» Exercise data:

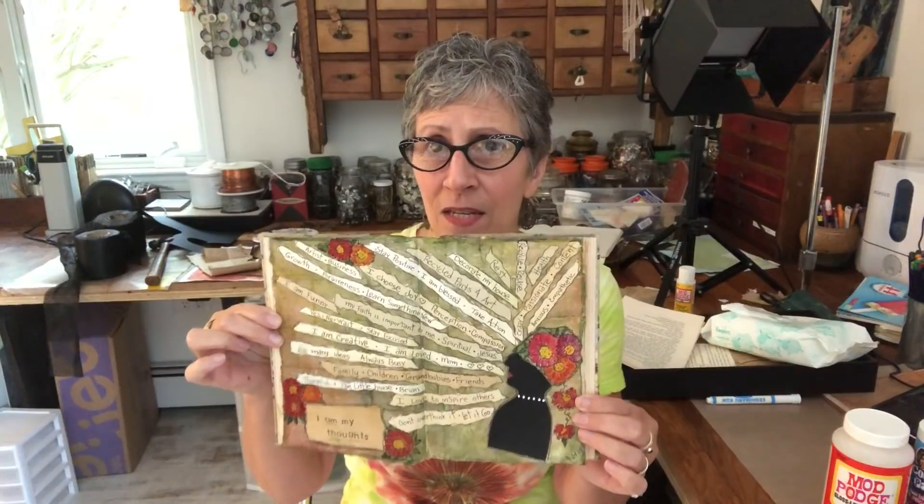My video got a little longer than I would normally like, but I think the altered book series videos are going to be a little longer, so I apologize in advance. I did want to show you the page before we get started — I'm calling it 'I Am My Thoughts.' There'll be a close-up at the end of the video so you can see it in more detail. It did morph as I went along and added other things at the end.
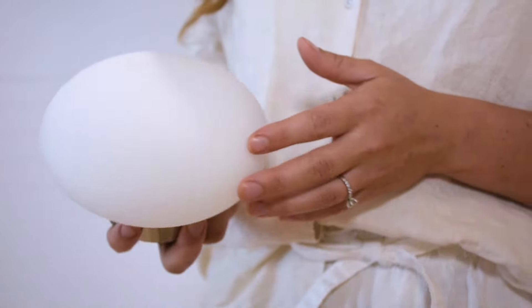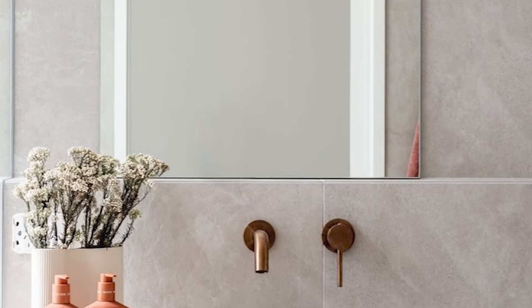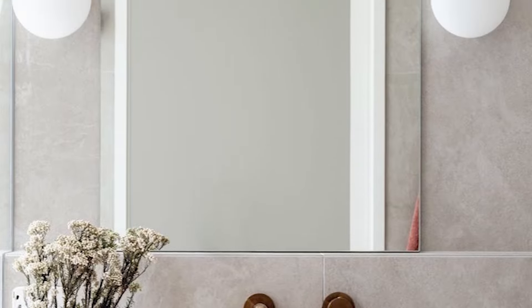This beautiful frosted glass exterior houses the globe inside, and this helps create a sort of full coverage of light for things such as shaving or makeup application. But it's also the shape that makes this ideal in bathrooms.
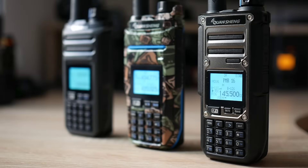Let me show you the inside of the Kuangsheng TK11 and what components were used in this radio.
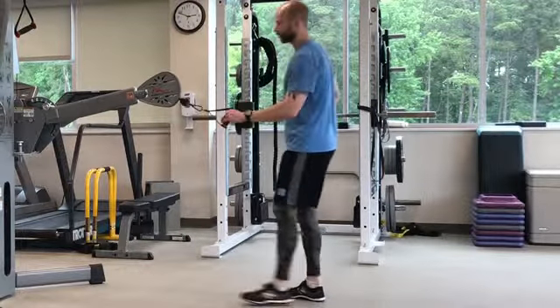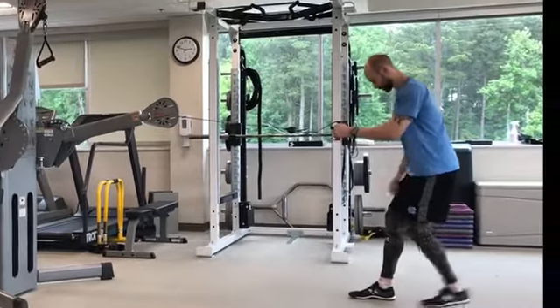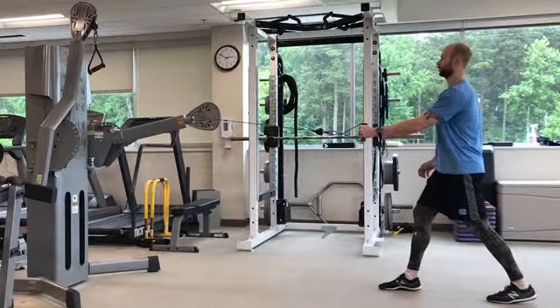Set up a cable so the handle is at chest level. Assume a split stance position as demonstrated.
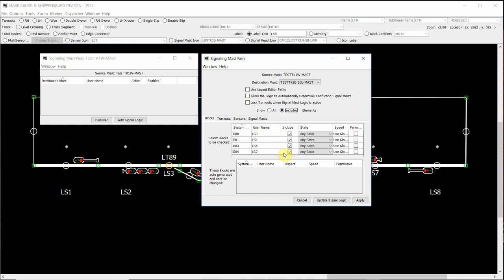Now what we need to do is tell that logic that if any of these sensors are occupied, we want the signal logic to show some form of restrictive or stop aspect in this triple head mast. In the state column, if we click on it, it brings up unoccupied, occupied, or any state. To program the logic, we click on unoccupied, because we're basically saying that we want the signal logic to provide some sort of forward or clear aspect in this triple head mast because the four blocks that we've picked are unoccupied. So we go down and click unoccupied on all of them.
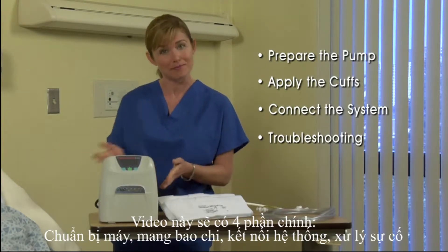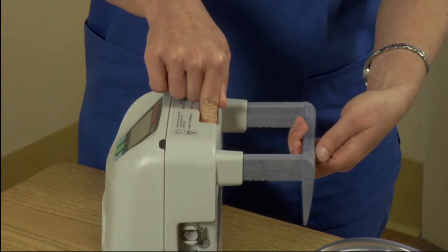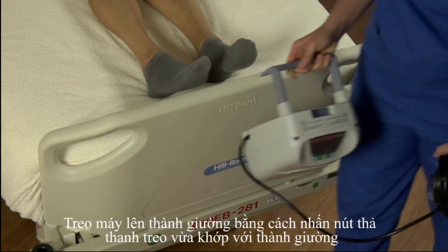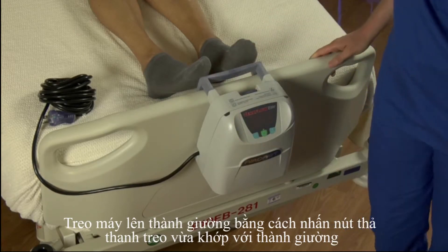Let's begin with the first step: preparing the pump. Press the bed hanger release button here, and gently pull up the telescoping bed hanger to the desired length. Then proceed to hang the pump on the rail or foot of the bed. If needed, you can press the release button and ratchet the hanger back to securely fix the pump on the bed.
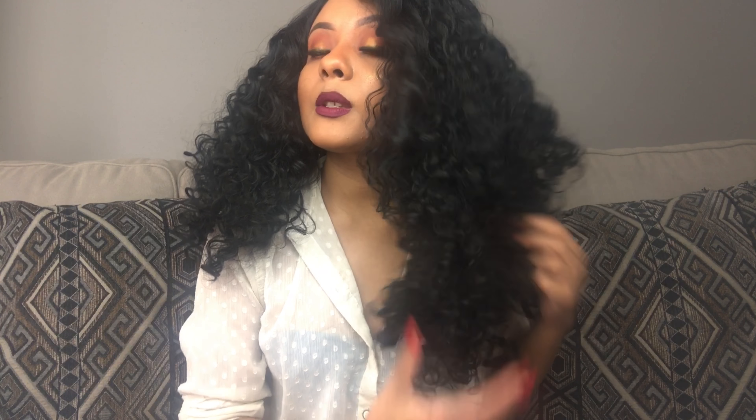I love how at the top it's a lot softer and then it goes into the curls, just like the Amber 26. The difference between the Amber 26 and this one is the length and the curl pattern. The curl pattern on this is a little tighter; the Amber 26 is more wavy and a lot longer. If you straighten this hair it's about 24 inches, but curly it sits at about 18 inches.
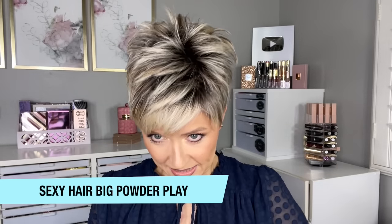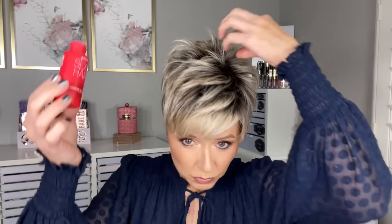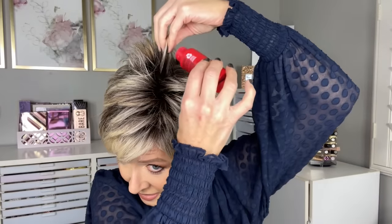My hair is getting super long in the crown portion and my color is growing out, so I feel like sometimes I don't get as much volume and lift as I want there. If you struggle with that yourself, you can use a little bit of the Big Powder Play — they also have it in a light version. You can just sprinkle a little bit in your hair and rub it in, and it instantly creates volume at the root. It's pretty amazing stuff and a little goes a long way.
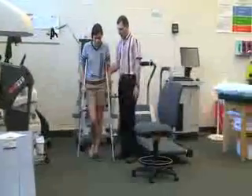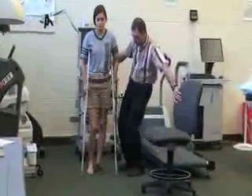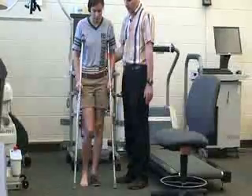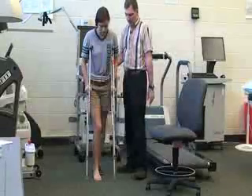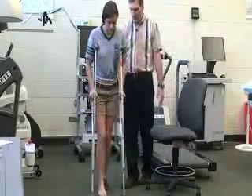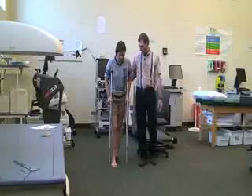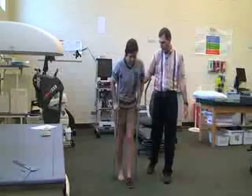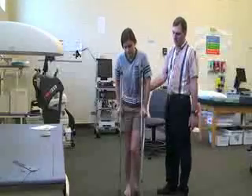Next we're going to have Katie do a four-point gait, which is for someone who is partial weight bearing. Holding onto the gait belt, she's going to bring the crutches forward along with the injured foot at the same time — just a stride width — and then swing through with the good foot. So: crutches and injured foot forward, then swing through with the good foot. Crutches and foot forward, swing through. And those are the two or three gait patterns for the crutches.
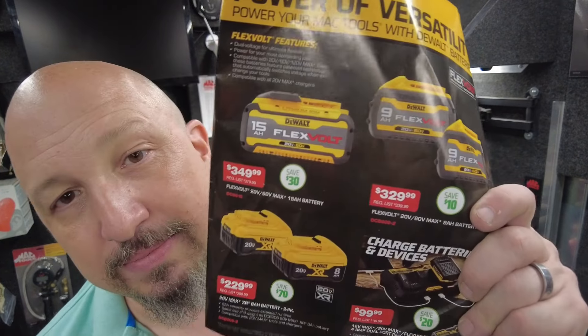We've got some deals on batteries. The first two are FlexVault batteries — a 15-amp for $349.99, saving $30, or two 9-amp batteries for $329.99, which is about $160 each — a really good price for a 9-amp FlexVault. If you're not familiar with FlexVault, it will run both our 20-volt and 60-volt tools, so it's a great opportunity to get something new and different.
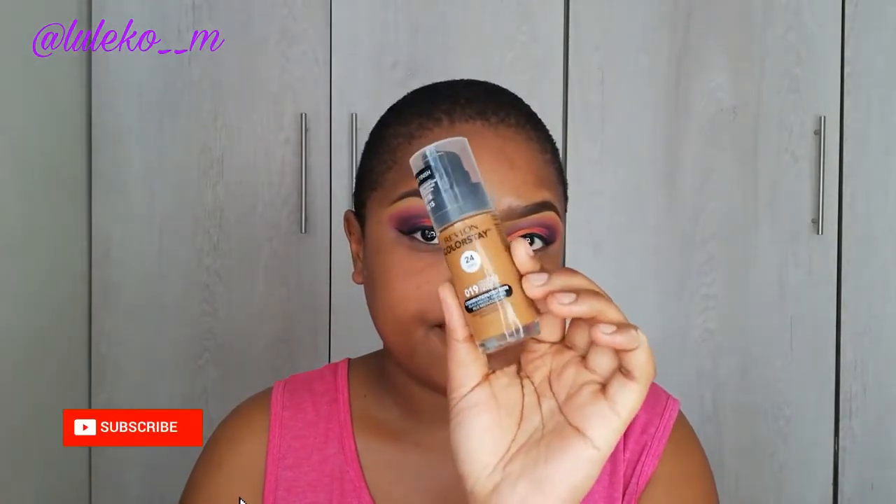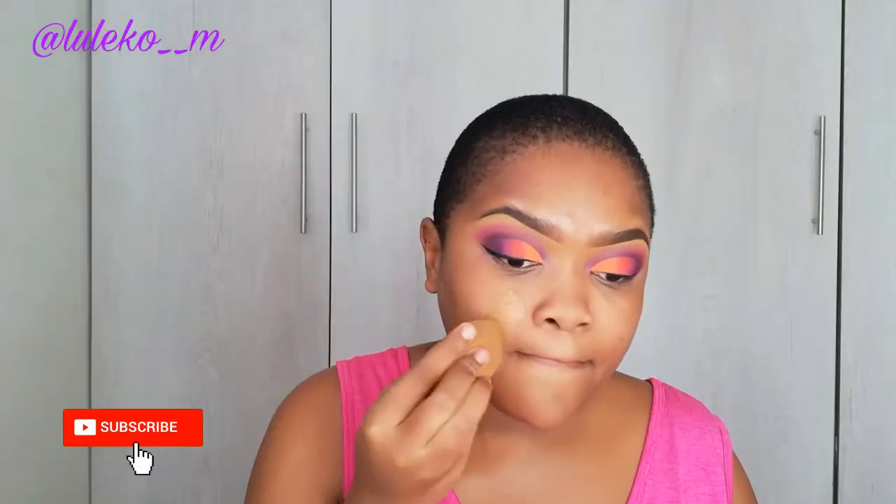For foundation I'm going to go in with my Revlon ColorStay Foundation in the shade Hazelnut.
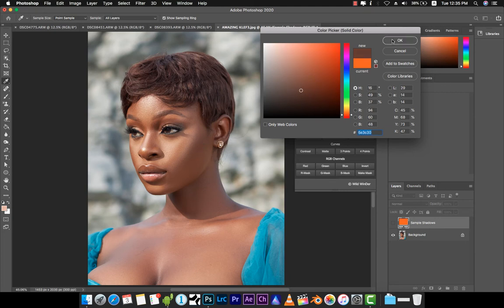Next we have 'Sample Midtones.' I think this works perfectly for midtones — somewhere around there — and that's good.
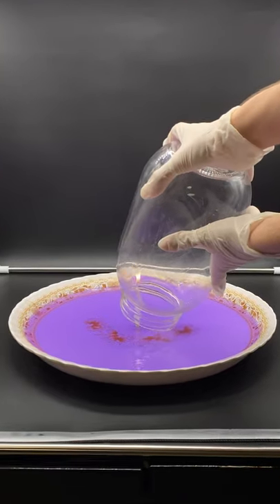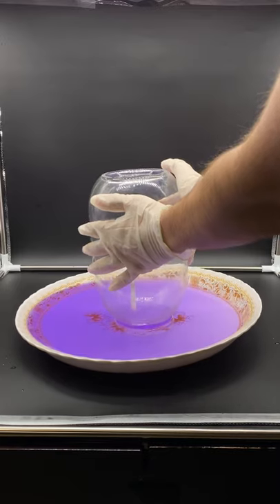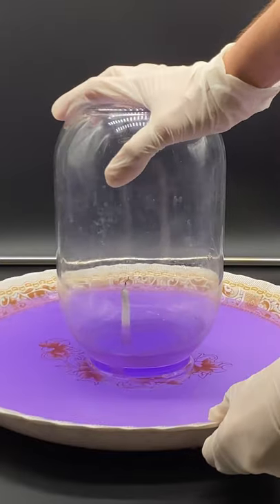Inside the container I put alcohol. Now let's put it over a candle and see what happens. I can lift everything up. The fire inside the container creates a strong vacuum.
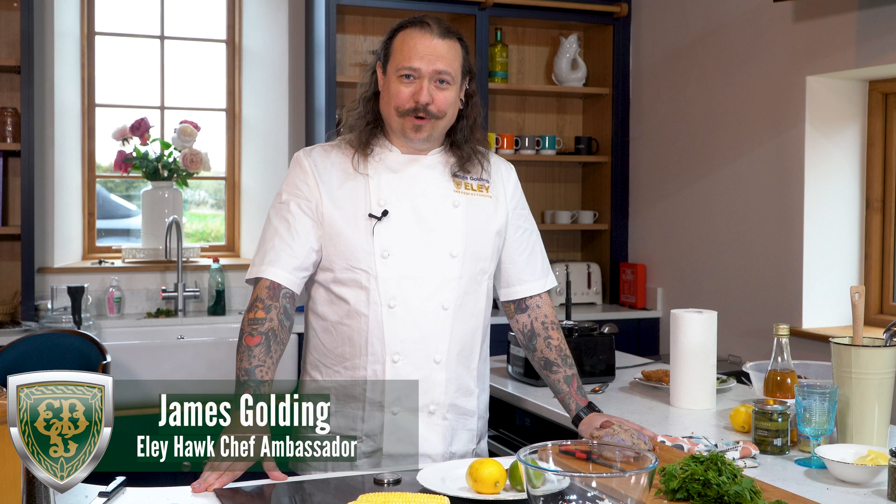Hi, I'm James Golding from Elyhawk and today I'm going to be cooking a barbecue dish which is spatchcocked partridge, and I'm serving this with a super simple but very tasty roasted sweet corn with lime, chili and shallot salsa.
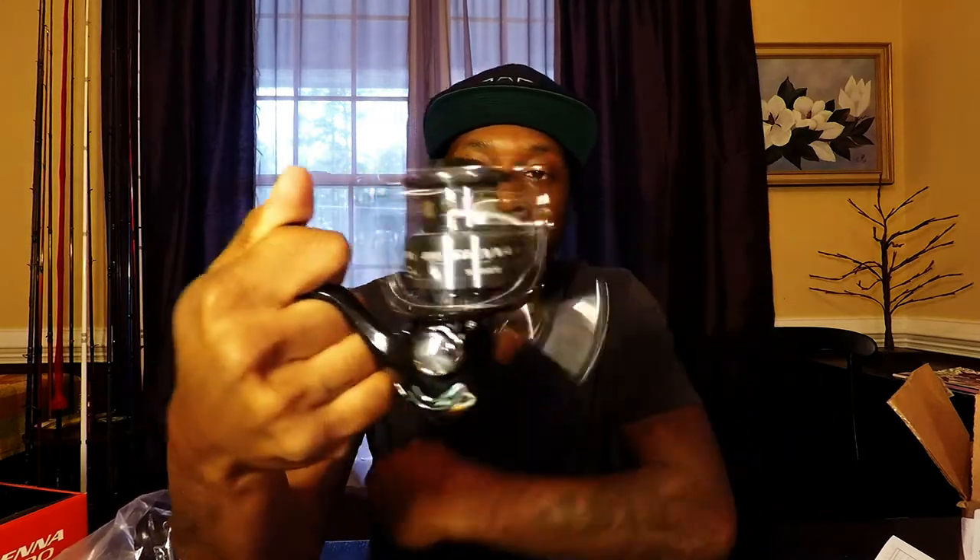Shimano Sienna 2500 series — I'm gonna put some fluorocarbon on this one as well, set it up nice and proper so she can get on some finicky bass. Even in spring and summer she can always drop shot and use it for finesse-type lures. That's the setup, guys. I'm gonna get it rigged up and post some pictures on Instagram — East Coast Bass Fishing. As always, like, comment, subscribe, share my videos, and I'll catch you guys on the next episode. Thanks for watching, peace!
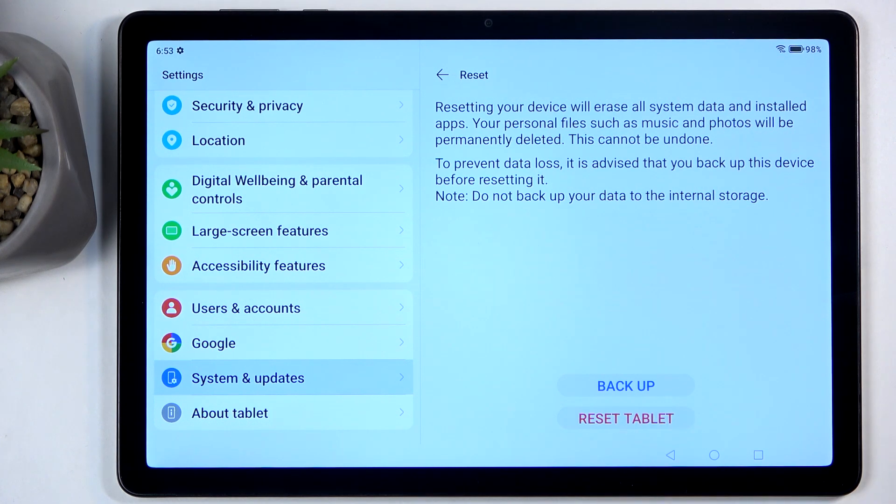Anyway, I'm going to select Reset Tablet and this will now begin factory resetting. This process will take about two minutes to finish up, give or take, and once it's completed we will be presented with the Android setup screen, so I'll be back once that's visible for me.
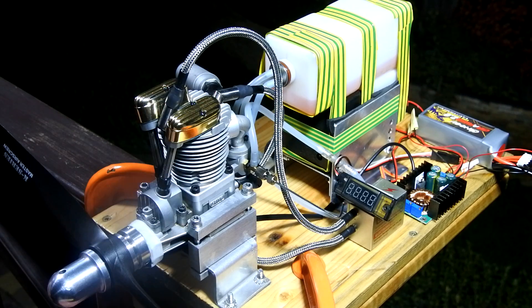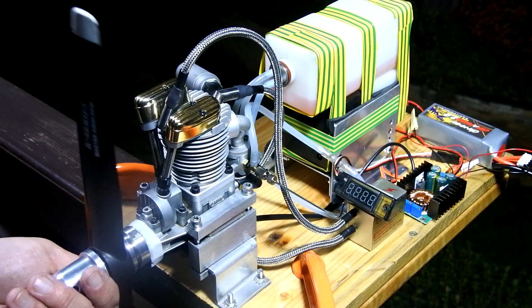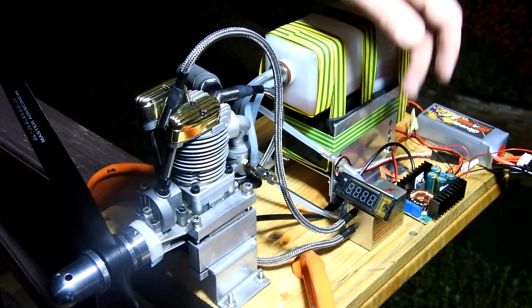This is a TCDC converter which gives me the ability to decrease the voltage from the lithium battery. And this is the hall sensor which sends the impulses and pulses to the high voltage ignition.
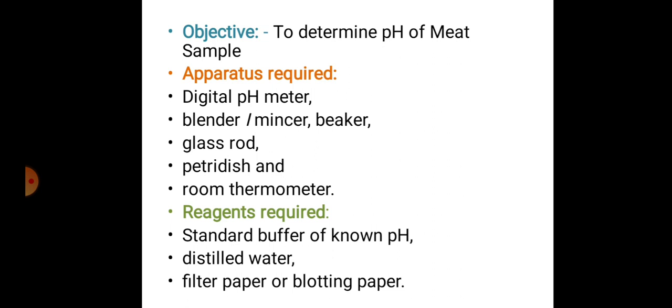The objective of the test will be to determine the pH of the meat sample. Apparatus required will be a digital pH meter, blender or mincer, beaker, glass rod, petri dish, as well as a room thermometer.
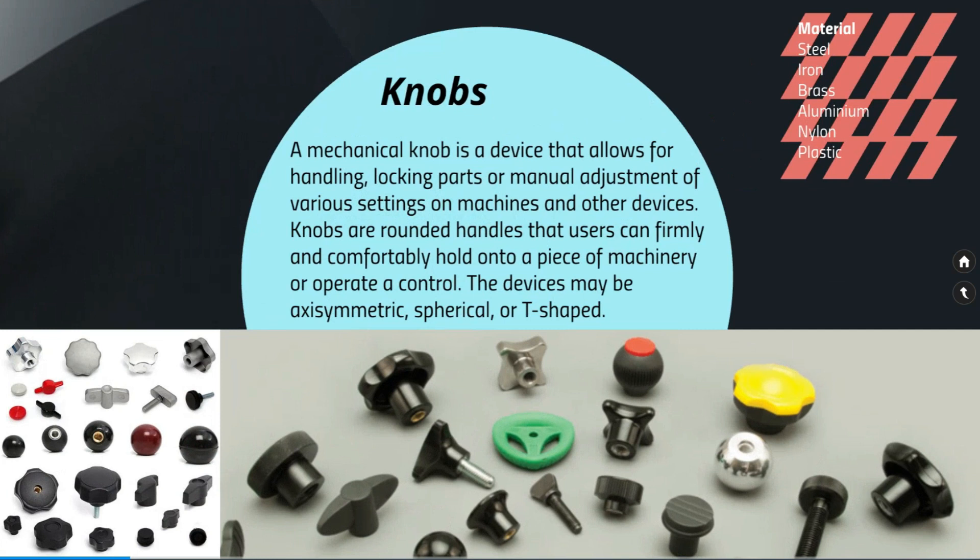A knob may be asymmetric, spherical, or T-shaped. Here you can see a wide variety of knobs made up of different types of material.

» Try it:
All of the data above should be transcribed verbatim, with pictures omitted.

» Task response:
My video got a little longer than I would normally like, but I think the altered book series videos are going to be a little longer, so I apologize in advance. I did want to show you the page before we get started — I'm calling it 'I Am My Thoughts.' There'll be a close-up at the end of the video so you can see it in more detail. It did morph as I went along and added other things at the end.
This beautiful frosted glass exterior houses the globe inside, and this helps create a sort of full coverage of light for things such as shaving or makeup application. But it's also the shape that makes this ideal in bathrooms.
Let me show you the inside of the Kuangsheng TK11 and what components were used in this radio.
Set up a cable so the handle is at chest level. Assume a split stance position as demonstrated.
Now what we need to do is tell that logic that if any of these sensors are occupied, we want the signal logic to show some form of restrictive or stop aspect in this triple head mast. In the state column, if we click on it, it brings up unoccupied, occupied, or any state. To program the logic, we click on unoccupied, because we're basically saying that we want the signal logic to provide some sort of forward or clear aspect in this triple head mast because the four blocks that we've picked are unoccupied. So we go down and click unoccupied on all of them.
Let's begin with the first step: preparing the pump. Press the bed hanger release button here, and gently pull up the telescoping bed hanger to the desired length. Then proceed to hang the pump on the rail or foot of the bed. If needed, you can press the release button and ratchet the hanger back to securely fix the pump on the bed.
I love how at the top it's a lot softer and then it goes into the curls, just like the Amber 26. The difference between the Amber 26 and this one is the length and the curl pattern. The curl pattern on this is a little tighter; the Amber 26 is more wavy and a lot longer. If you straighten this hair it's about 24 inches, but curly it sits at about 18 inches.
My hair is getting super long in the crown portion and my color is growing out, so I feel like sometimes I don't get as much volume and lift as I want there. If you struggle with that yourself, you can use a little bit of the Big Powder Play — they also have it in a light version. You can just sprinkle a little bit in your hair and rub it in, and it instantly creates volume at the root. It's pretty amazing stuff and a little goes a long way.
Next we're going to have Katie do a four-point gait, which is for someone who is partial weight bearing. Holding onto the gait belt, she's going to bring the crutches forward along with the injured foot at the same time — just a stride width — and then swing through with the good foot. So: crutches and injured foot forward, then swing through with the good foot. Crutches and foot forward, swing through. And those are the two or three gait patterns for the crutches.
We've got some deals on batteries. The first two are FlexVault batteries — a 15-amp for $349.99, saving $30, or two 9-amp batteries for $329.99, which is about $160 each — a really good price for a 9-amp FlexVault. If you're not familiar with FlexVault, it will run both our 20-volt and 60-volt tools, so it's a great opportunity to get something new and different.
For foundation I'm going to go in with my Revlon ColorStay Foundation in the shade Hazelnut.
Next we have 'Sample Midtones.' I think this works perfectly for midtones — somewhere around there — and that's good.
Inside the container I put alcohol. Now let's put it over a candle and see what happens. I can lift everything up. The fire inside the container creates a strong vacuum.
Hi, I'm James Golding from Elyhawk and today I'm going to be cooking a barbecue dish which is spatchcocked partridge, and I'm serving this with a super simple but very tasty roasted sweet corn with lime, chili and shallot salsa.
Shimano Sienna 2500 series — I'm gonna put some fluorocarbon on this one as well, set it up nice and proper so she can get on some finicky bass. Even in spring and summer she can always drop shot and use it for finesse-type lures. That's the setup, guys. I'm gonna get it rigged up and post some pictures on Instagram — East Coast Bass Fishing. As always, like, comment, subscribe, share my videos, and I'll catch you guys on the next episode. Thanks for watching, peace!
Anyway, I'm going to select Reset Tablet and this will now begin factory resetting. This process will take about two minutes to finish up, give or take, and once it's completed we will be presented with the Android setup screen, so I'll be back once that's visible for me.
This is a TCDC converter which gives me the ability to decrease the voltage from the lithium battery. And this is the hall sensor which sends the impulses and pulses to the high voltage ignition.
The objective of the test will be to determine the pH of the meat sample. Apparatus required will be a digital pH meter, blender or mincer, beaker, glass rod, petri dish, as well as a room thermometer.
A knob may be asymmetric, spherical, or T-shaped. Here you can see a wide variety of knobs made up of different types of material.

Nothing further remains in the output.